Web page caption snippets –
---
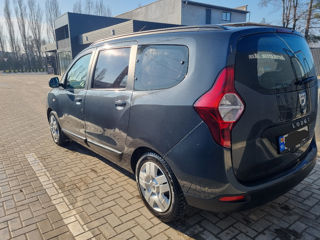 Dacia Lodgy foto 3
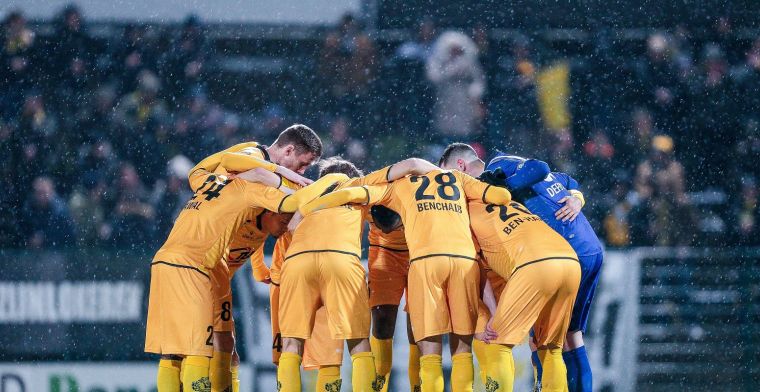 'Opdoffer voor Sporting Lokeren, ook nieuwe investeerder haakt nu af'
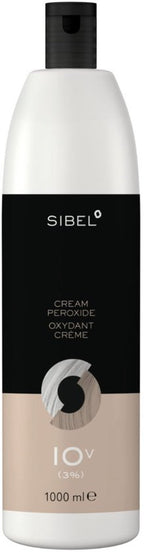 Sibel - Ion Color Brilliance - Peroxide Cream - 3% (10 Vol) - 1000 ml - afbeelding 5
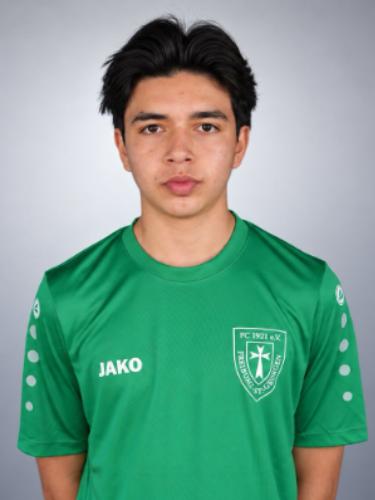 Georgios Raymundo Dimakis Ruiz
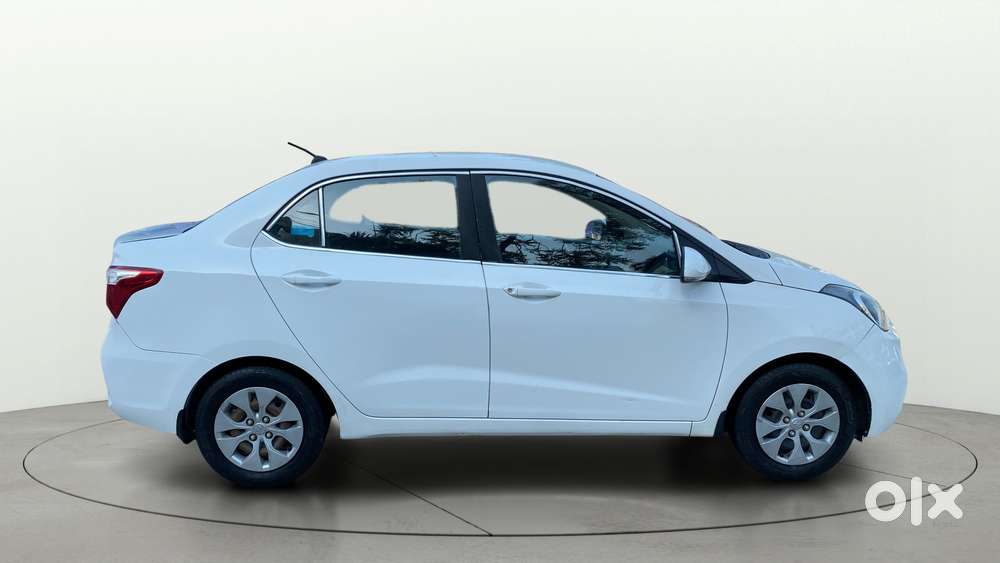 Hyundai Xcent S 1.2, 2018, Cng & Hybrids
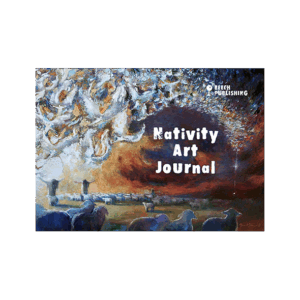Nativity Art Journal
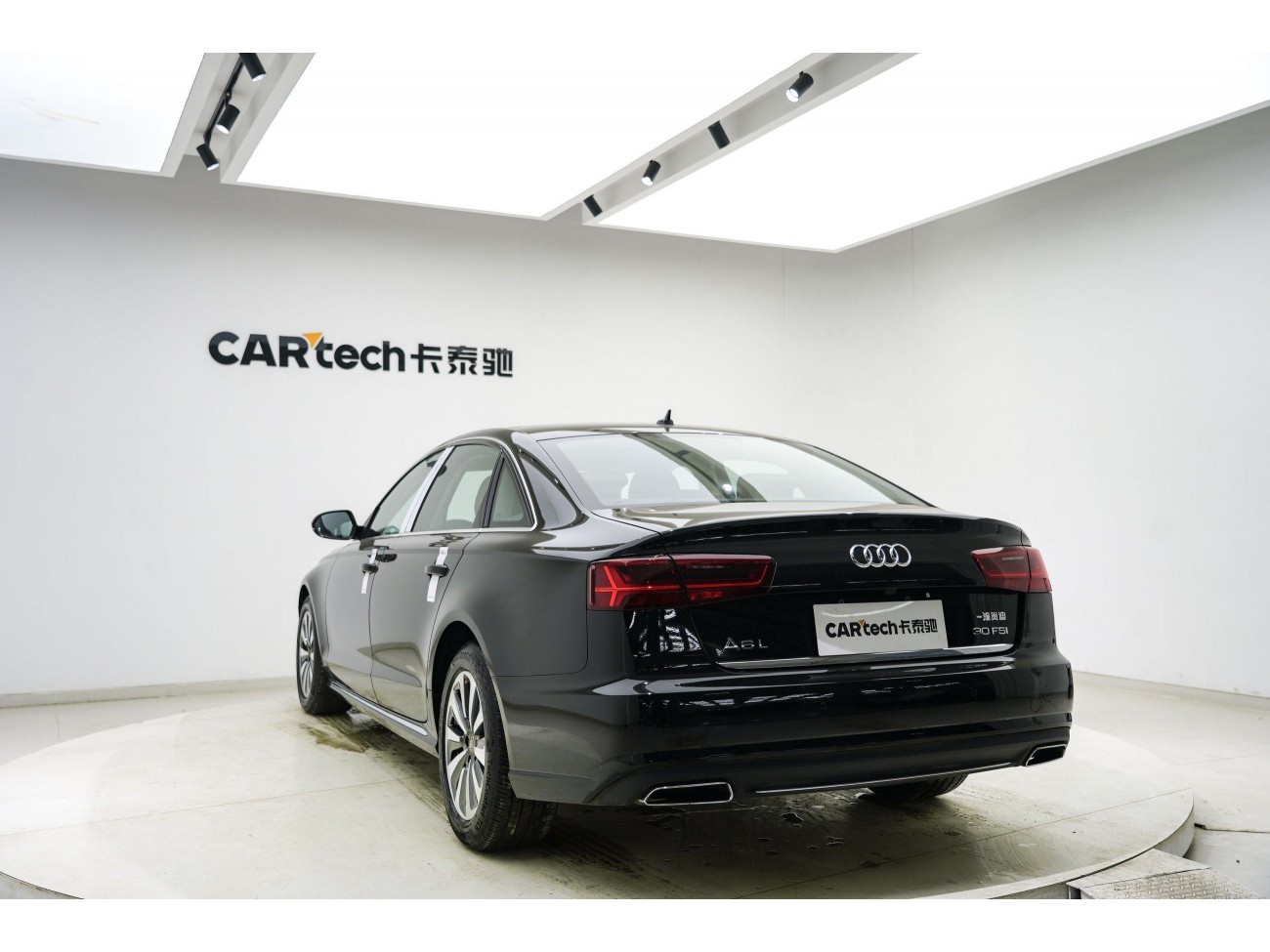 Audi A6L 30 2017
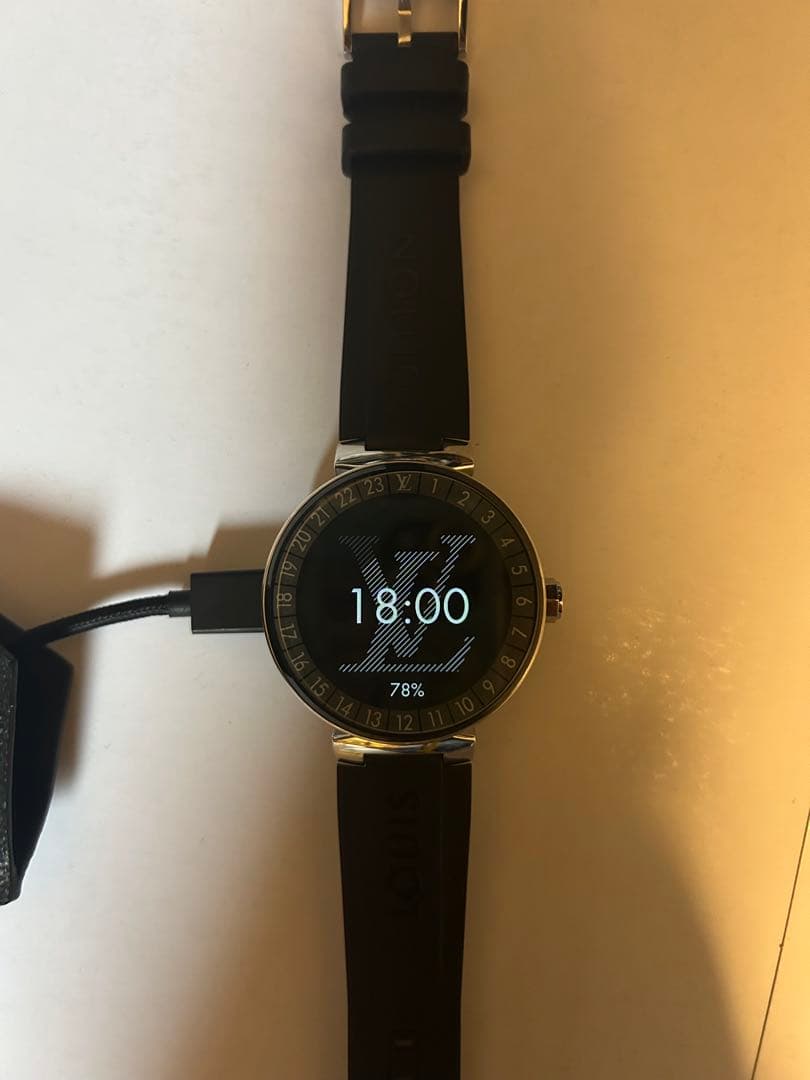 超美品 Louis Vuitton タンブールホライゾン ルイヴィトン スマート 超美品 Louis Vuitton タンブールホライゾン ルイヴィトン スマート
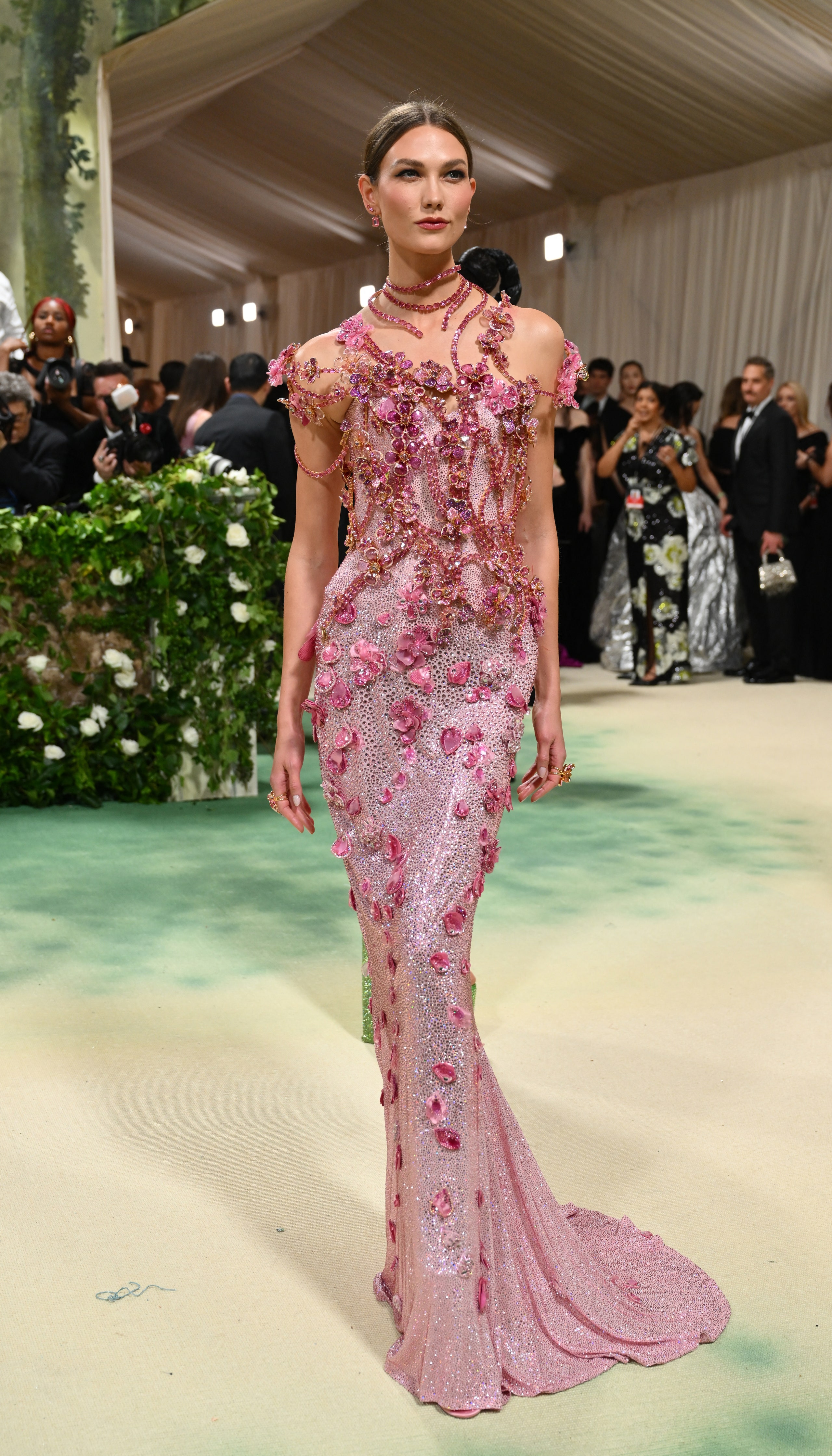 Karlie Kloss Met Gala 2024 Dress: Everything You Need to Know About the Designer and the Style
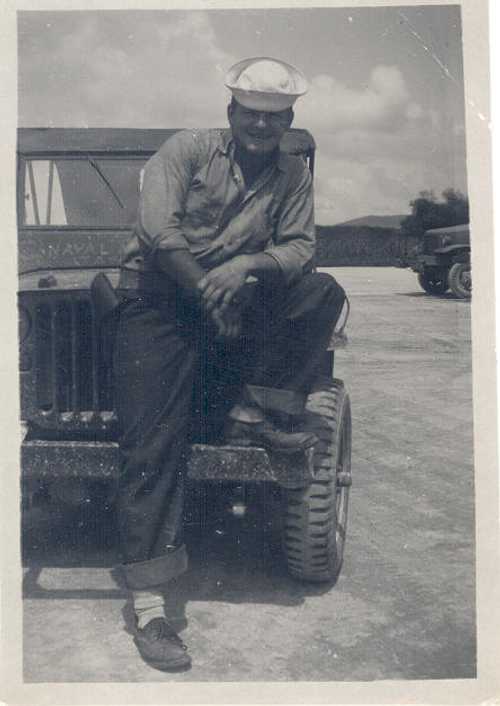 Saipan 1945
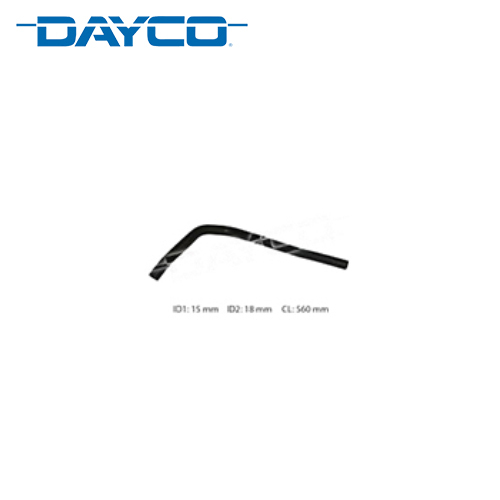 Dayco Heater Hose CH3721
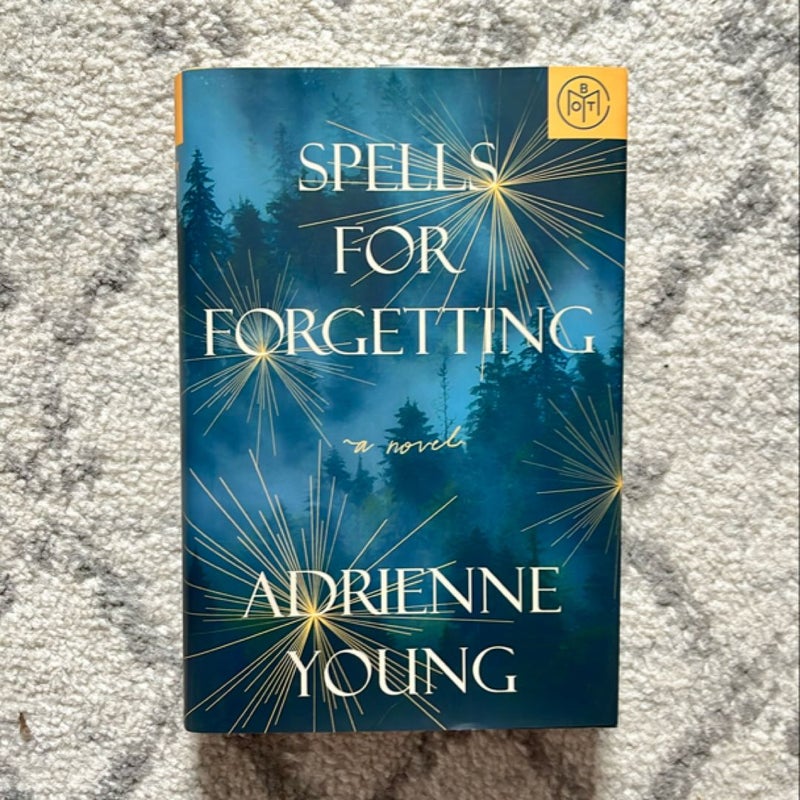 Spells for Forgetting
---
WHAT IS EXPECTED – The response must restate exactly the lines from the one containing "Georgios Raymundo Dimakis Ruiz" through the end of the records above and must leave out all pictures.

OUTPUT –
 Georgios Raymundo Dimakis Ruiz
 Hyundai Xcent S 1.2, 2018, Cng & Hybrids
Nativity Art Journal
 Audi A6L 30 2017
 超美品 Louis Vuitton タンブールホライゾン ルイヴィトン スマート 超美品 Louis Vuitton タンブールホライゾン ルイヴィトン スマート
 Karlie Kloss Met Gala 2024 Dress: Everything You Need to Know About the Designer and the Style
 Saipan 1945
 Dayco Heater Hose CH3721
 Spells for Forgetting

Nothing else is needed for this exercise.